Short text fragments from websites
_____
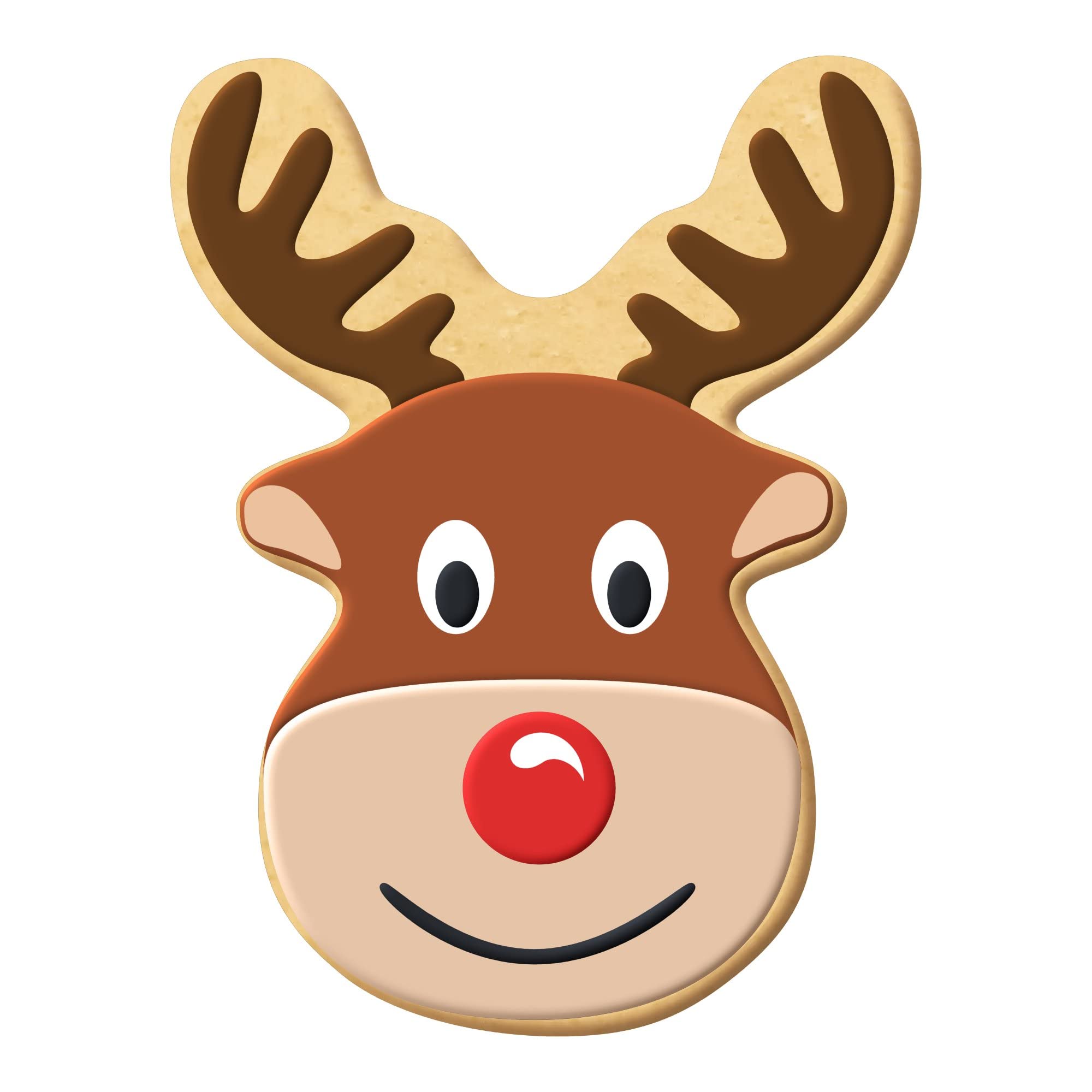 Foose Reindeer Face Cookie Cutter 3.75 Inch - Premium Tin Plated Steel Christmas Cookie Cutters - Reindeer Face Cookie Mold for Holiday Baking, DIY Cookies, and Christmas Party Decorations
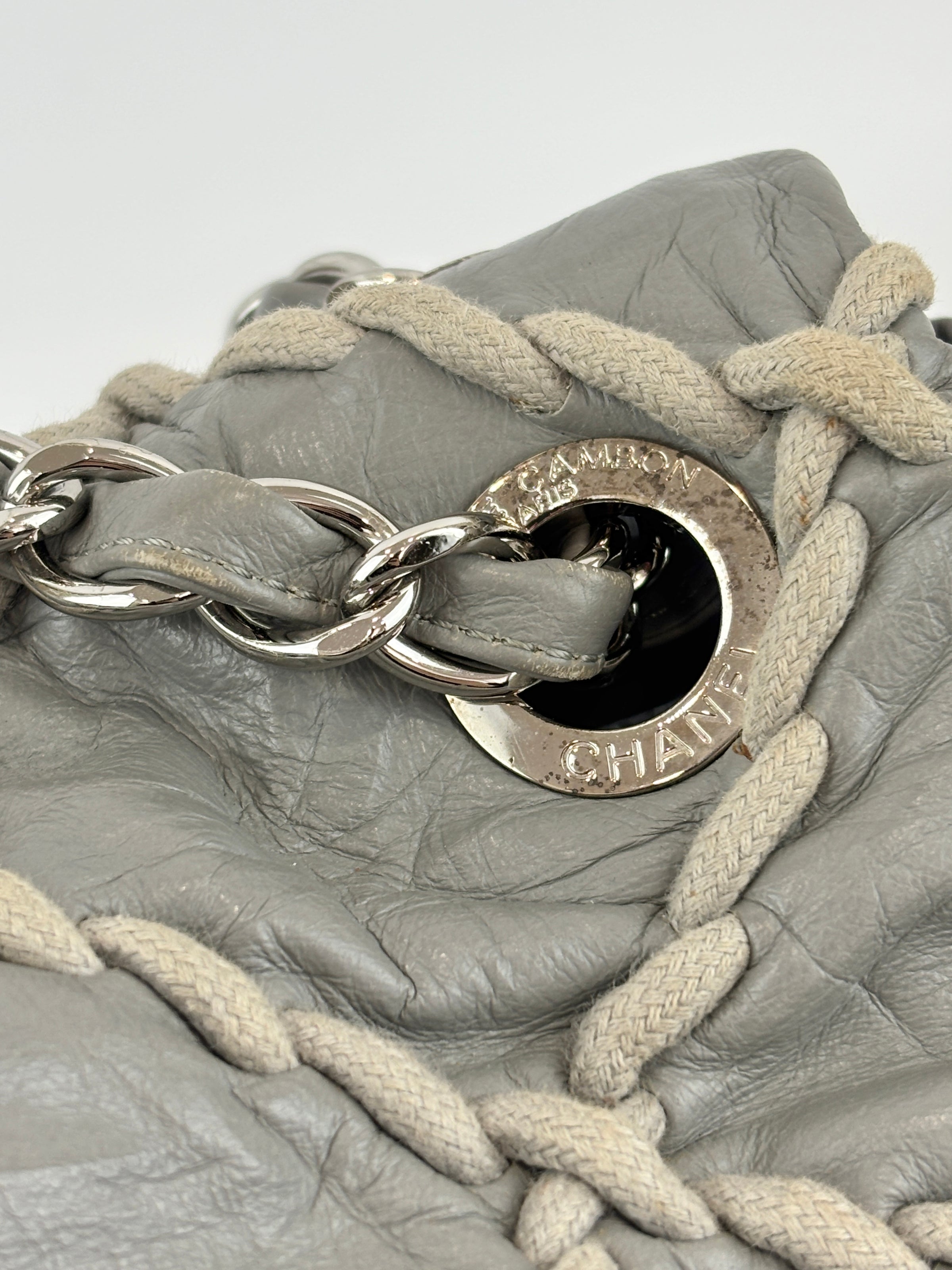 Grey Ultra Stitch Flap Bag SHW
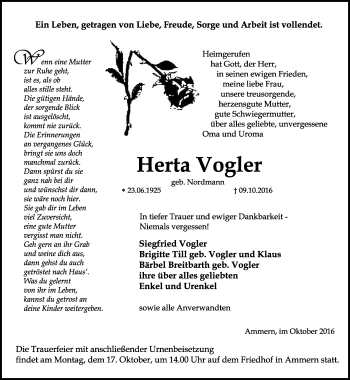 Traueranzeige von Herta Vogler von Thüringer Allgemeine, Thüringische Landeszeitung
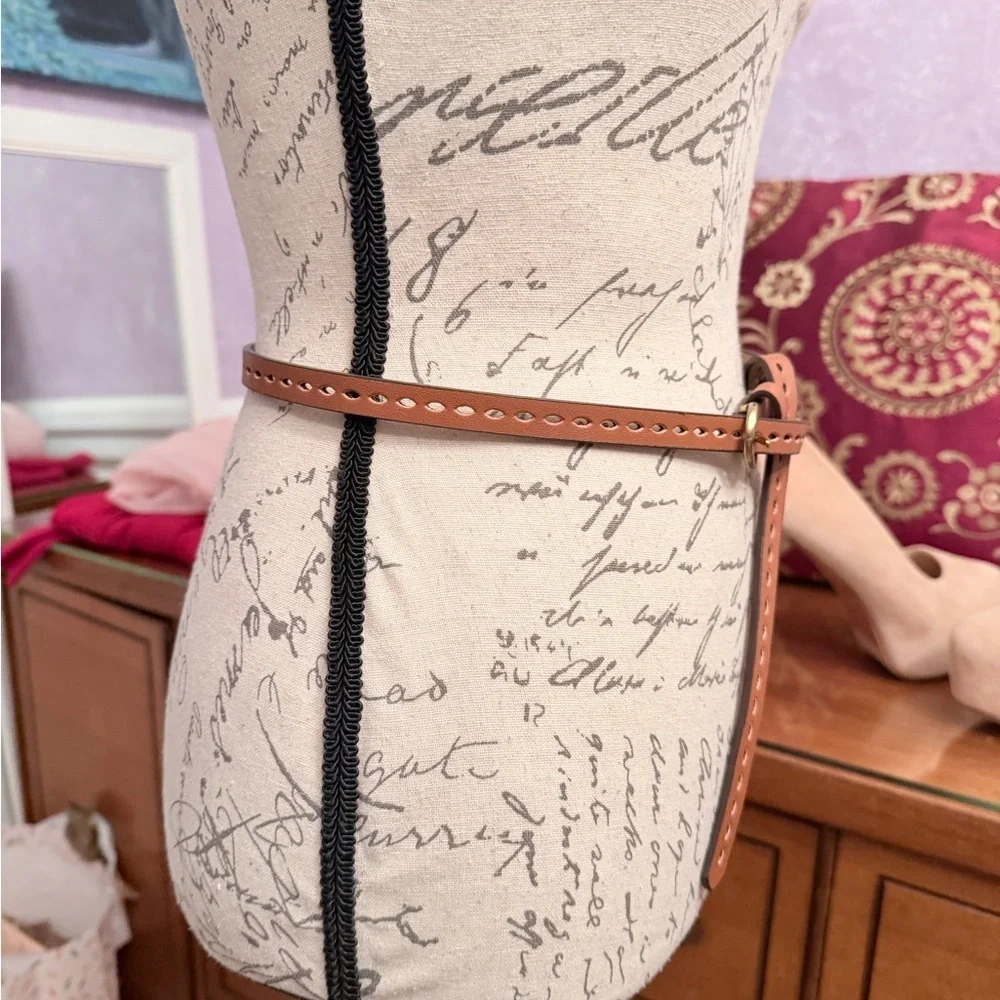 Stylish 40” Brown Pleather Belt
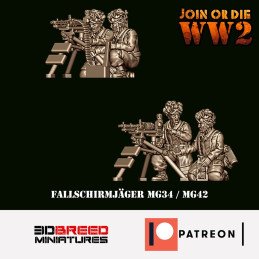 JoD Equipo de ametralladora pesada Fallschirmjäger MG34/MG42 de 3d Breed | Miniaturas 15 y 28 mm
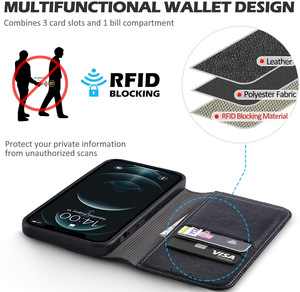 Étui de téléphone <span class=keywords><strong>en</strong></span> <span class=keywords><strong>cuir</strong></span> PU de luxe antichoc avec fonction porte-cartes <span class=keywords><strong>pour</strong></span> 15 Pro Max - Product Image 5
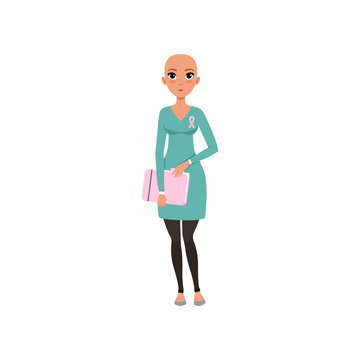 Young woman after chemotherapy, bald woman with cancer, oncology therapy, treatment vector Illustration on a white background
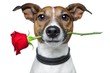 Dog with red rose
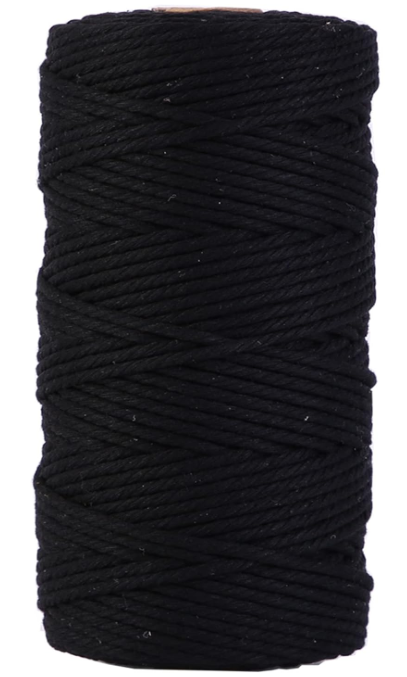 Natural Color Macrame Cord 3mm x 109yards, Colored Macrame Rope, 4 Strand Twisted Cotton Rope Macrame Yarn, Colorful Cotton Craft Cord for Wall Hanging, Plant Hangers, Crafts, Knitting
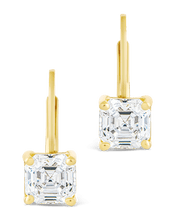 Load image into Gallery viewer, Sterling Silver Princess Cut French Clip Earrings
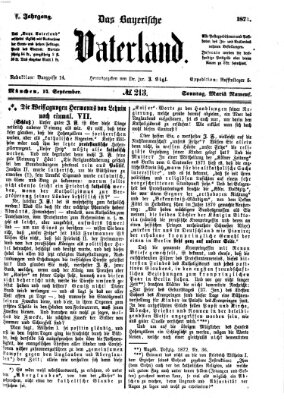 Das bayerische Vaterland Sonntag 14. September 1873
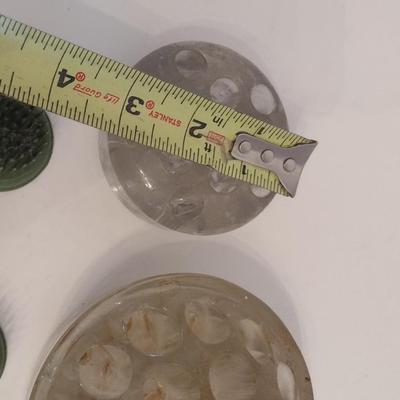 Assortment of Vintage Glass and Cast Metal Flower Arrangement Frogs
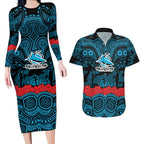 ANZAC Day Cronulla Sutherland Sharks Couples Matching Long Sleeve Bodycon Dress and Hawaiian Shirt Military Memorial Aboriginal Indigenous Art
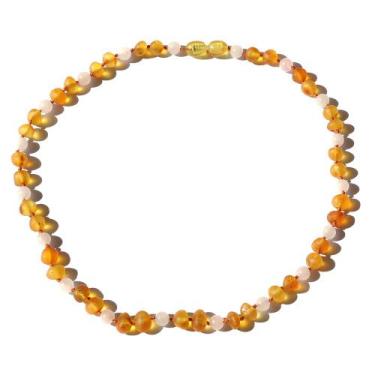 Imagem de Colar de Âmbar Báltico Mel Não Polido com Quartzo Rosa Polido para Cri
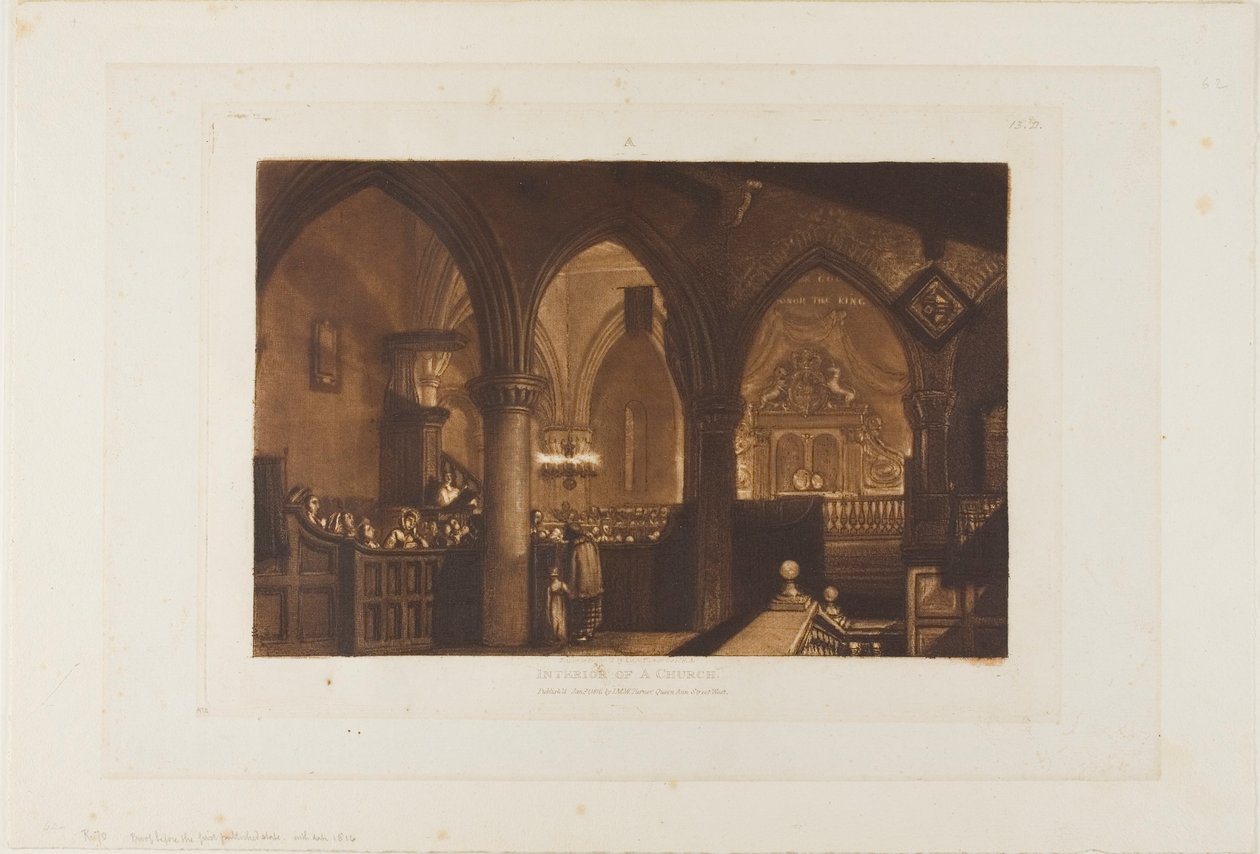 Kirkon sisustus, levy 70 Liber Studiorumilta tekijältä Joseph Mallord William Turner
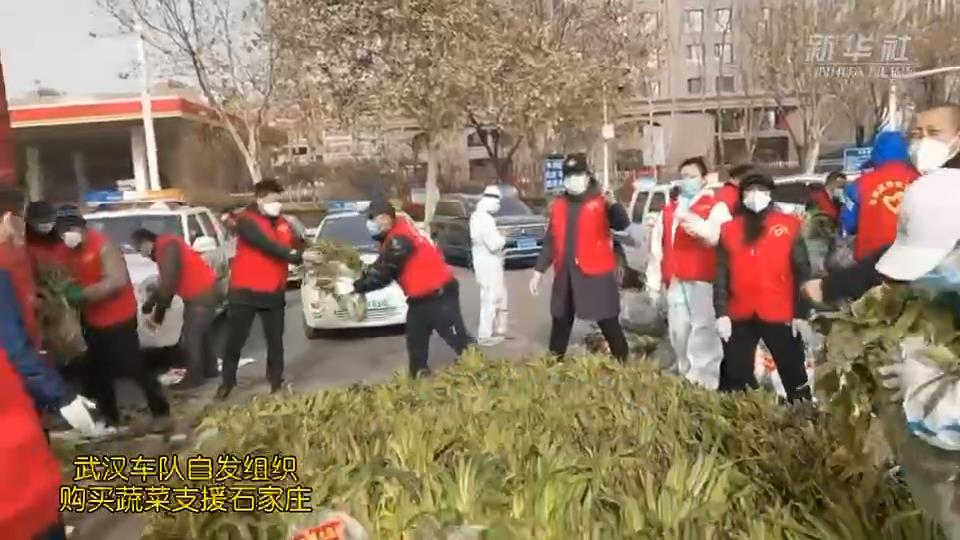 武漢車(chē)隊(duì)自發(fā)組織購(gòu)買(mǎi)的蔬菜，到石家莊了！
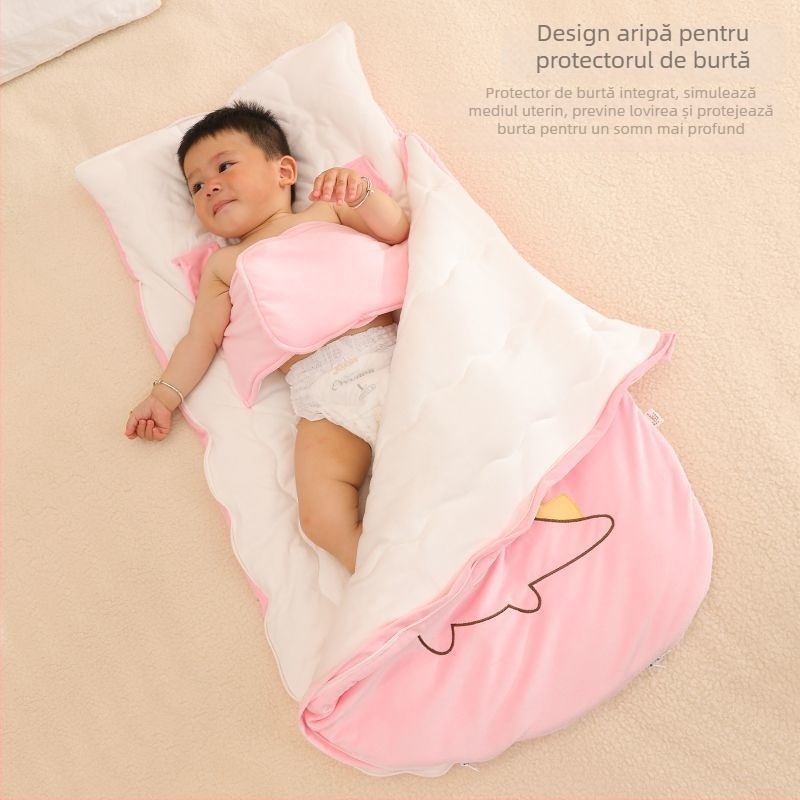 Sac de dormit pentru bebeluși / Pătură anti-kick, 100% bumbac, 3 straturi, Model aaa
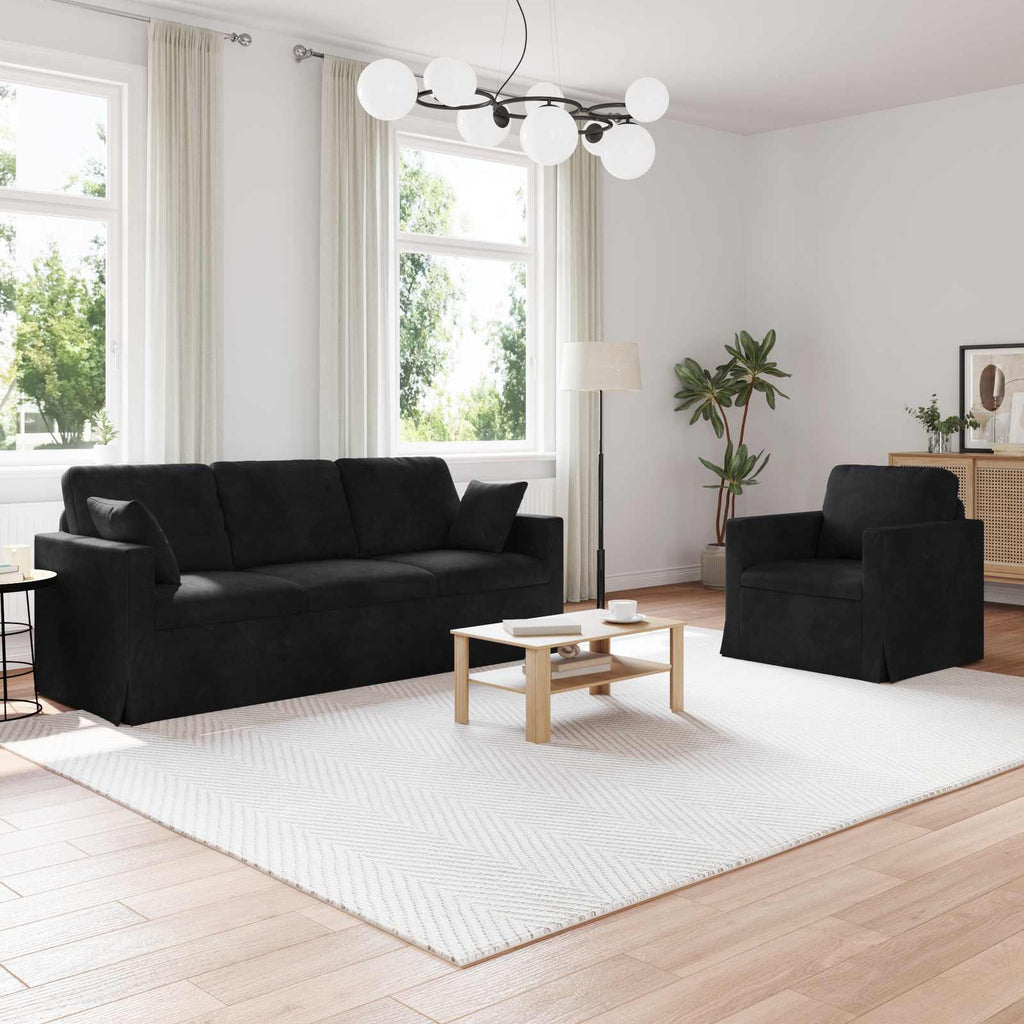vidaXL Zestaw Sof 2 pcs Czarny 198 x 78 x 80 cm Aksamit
_____
> **WHAT TO PRODUCE**
Both the line above containing "Étui de téléphone" and the line containing "Natural Color Macrame" belong in the copy, along with every line between them; print these exactly and omit the pictures.

> **ANSWER SECTION**
 Étui de téléphone <span class=keywords><strong>en</strong></span> <span class=keywords><strong>cuir</strong></span> PU de luxe antichoc avec fonction porte-cartes <span class=keywords><strong>pour</strong></span> 15 Pro Max - Product Image 5
 Young woman after chemotherapy, bald woman with cancer, oncology therapy, treatment vector Illustration on a white background
 Dog with red rose
 Natural Color Macrame Cord 3mm x 109yards, Colored Macrame Rope, 4 Strand Twisted Cotton Rope Macrame Yarn, Colorful Cotton Craft Cord for Wall Hanging, Plant Hangers, Crafts, Knitting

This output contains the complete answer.